Barack Obama‘s half-hour infomercial Wednesday night didn’t teach us a lot we didn’t already know, ” Slate‘s Christopher Beam wrote tonight, “except that an Obama administration would likely feature immaculate stagecraft.

“The spot opened with a shot of — I’m not making this up — amber waves of grain. Obama reiterated his plan to cut taxes for families making less than $250,000 in a softly lit room in front of an oak desk. He explained his Social Security plan to moist-eyed retirees in what could have been a church vestibule. Then a guy behind a register tells Mark Dowell, a laid-off auto worker, the price for groceries. The camera cut to Dowell, scowling, in a way that could not have possibly been live. Not to mention the well-coordinated switch to Obama’s live address in Florida, with sweeping cameras straight out of a Rolling Stones concert movie.

“Improved artifice easily fits under the banner of ‘change.’ Some of President Bush’s worst political moments came from poorly executed stagecraft. Dressing up as a fighter pilot and standing before a ‘Mission Accomplished’ banner was the epitome of tone deafness. Bush’s team also goofed in allowing him to be photographed looking down at post-Katrina New Orleans. Optics aren’t everything, but Bush’s visual flops were especially damaging.

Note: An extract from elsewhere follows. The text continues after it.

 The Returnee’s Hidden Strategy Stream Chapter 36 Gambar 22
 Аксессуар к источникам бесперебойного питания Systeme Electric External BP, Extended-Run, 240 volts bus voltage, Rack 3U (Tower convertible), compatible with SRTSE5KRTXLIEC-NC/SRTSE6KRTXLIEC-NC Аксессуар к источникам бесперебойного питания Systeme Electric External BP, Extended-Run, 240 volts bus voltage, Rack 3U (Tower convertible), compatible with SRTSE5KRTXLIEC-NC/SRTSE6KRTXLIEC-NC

“And it’s not just choreography that matters: It’s making the choreography look effortless. Tonight’s episode featured all sorts of shots that simply had to be rehearsed: a couple praying before dinner, a mother walking out of a grocery store toward a fixed camera, a woman with arthritis massaging her knuckles. You can imagine the cinematographer saying, ‘Can you pray a little longer this time? OK, now try moving your mouth a little.’ It’s heavily choreographed.

“But the production quality is high enough that the transitions are almost invisible. It’s the opposite of George H.W. Bush‘s famously clunky statement to the people of New Hampshire in 1992: ‘Message: I care.’ The trick is not to let the seams show.

“Smart propaganda does not a smart administration make. If anything, it means we have to be more vigilant in calling out theater when we see it. But whatever the next four years may bring, we’re in for some damn good camera angles.”